9. Delivery. As promptly as practicable after each Exercise Date on
which a purchase of shares occurs, the Company shall arrange the delivery to
each participant, as appropriate, of a certificate representing the shares
purchased upon exercise of his or her option.
10. Withdrawal; Termination of Employment.
<PAGE>
(a) A participant may withdraw all but not less than all the
payroll deductions credited to his or her account and not yet used to exercise
his or her option under the Plan at any time by giving written notice to the
Company in the form of Exhibit B to this Plan. All of the participant's payroll
deductions credited to his or her account will be paid to such participant
promptly after receipt of notice of withdrawal and such participant's option for
the Offering Period or Extended Offering Period will be automatically
terminated, and no further payroll deductions for the purchase of shares will be
made during the Offering Period or Extended Offering Period or Extended Offering
Period. If a participant withdraws from an Offering Period or Extended Offering
Period, payroll deductions will not resume at the beginning of the succeeding
Offering Period or Extended Offering Period unless the participant delivers to
the Company a new subscription agreement.
(b) Upon a participant's ceasing to be an Employee (as defined
in Section 2(g) hereof ), for any reason, including by virtue of him or her
having failed to remain an Employee of the Company for at least twenty (20)
hours per week during an Offering Period or Extended Offering Period in which
the Employee is a participant, he or she will be deemed to have elected to
withdraw from the Plan and the payroll deductions credited to such participant'
s account during the Offering Period or Extended Offering Period but not yet
used to exercise the option will be returned to such participant or, in the case
of his or her death, to the person or persons entitled thereto under Section 14
hereof, and such participant's option will be automatically terminated.

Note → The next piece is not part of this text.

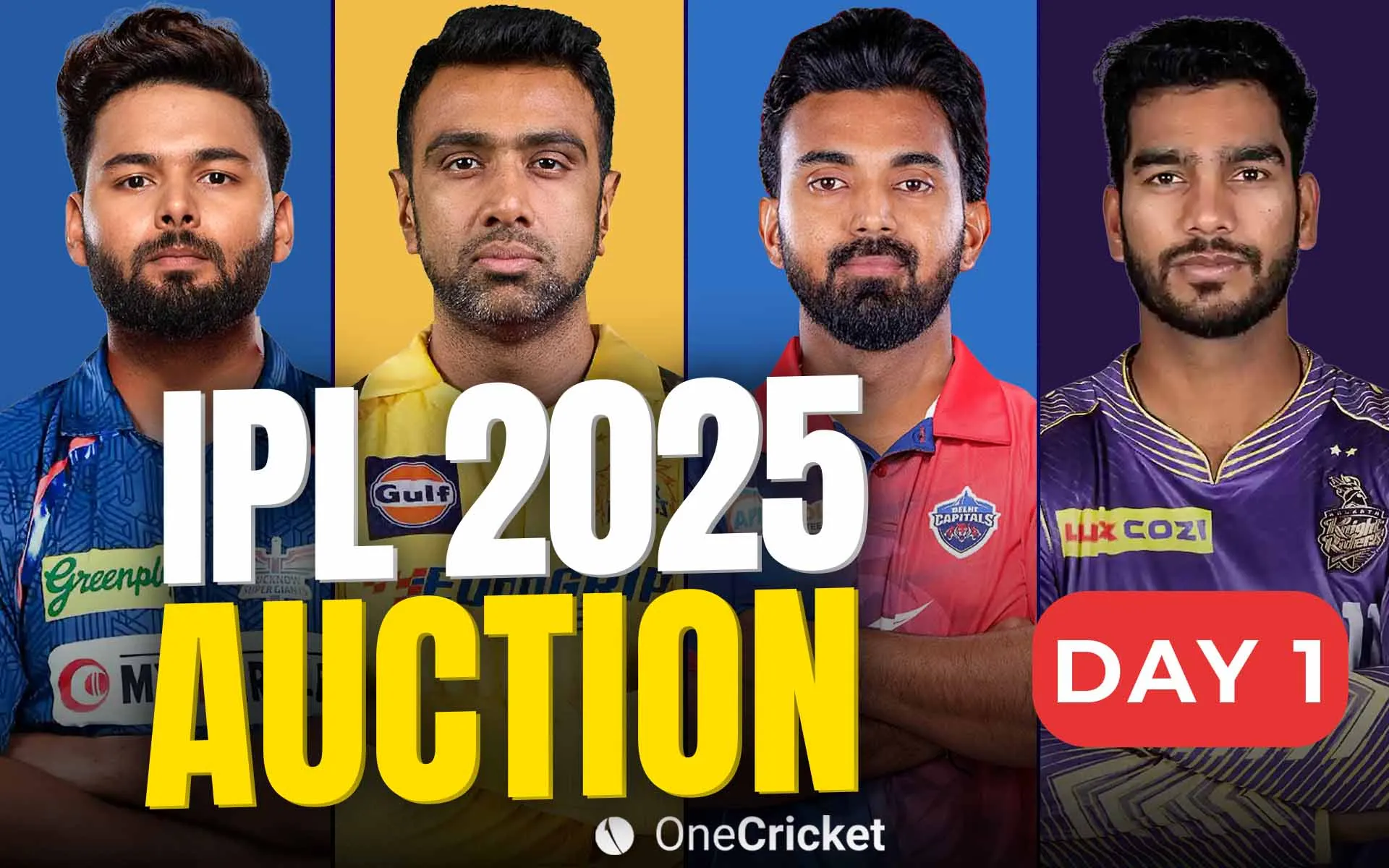 IPL 2025 Mega Auction Live (Source: OneCricket)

(c) A participant's withdrawal from an Offering Period or
Extended Offering Period will not have any effect upon his or her eligibility to
participate in any similar plan which may hereafter be adopted by the Company or
in succeeding Offering Periods or Extended Offering Periods which commence after
the termination of the Offering Period or Extended Offering Period from which
the participant withdraws.
11. Interest. No interest shall accrue on the payroll deductions of a
participant in the Plan.
12. Stock.
(a) Subject to adjustment upon changes in capitalization of
the Company as provided in Section 18 hereof, the maximum number of shares of
the Company's Common Stock which shall be made available for sale under the Plan
shall be 630,000 shares, plus an annual increase to be added on the first day of
the Company's fiscal year beginning January 1, 1999, equal to the lesser of (i)
150,000 shares, (ii) 1.5% of the outstanding shares on such date or (iii) a
lesser amount determined by the Board. If on a given Exercise Date the number of
shares with respect to which options are to be exercised exceeds the number of
shares then available under the Plan, the Company shall make a pro rata
allocation of the shares remaining available for purchase in as uniform a manner
as shall be practicable and as it shall determine to be equitable.
(b) The participant will have no interest or voting right in
shares covered by his option until such option has been exercised.
(c) Shares to be delivered to a participant under the Plan
will be registered in the name of the participant or in the name of the
participant and his or her spouse.
13. Administration.
<PAGE>
(a) Administrative Body. The Plan shall be administered by the
Board or a committee of members of the Board appointed by the Board. The Board
or its committee shall have full and exclusive discretionary authority to
construe, interpret and apply the terms of the Plan, to determine eligibility
and to adjudicate all disputed claims filed under the Plan. Every finding,
decision and determination made by the Board or its committee shall, to the full
extent permitted by law, be final and binding upon all parties.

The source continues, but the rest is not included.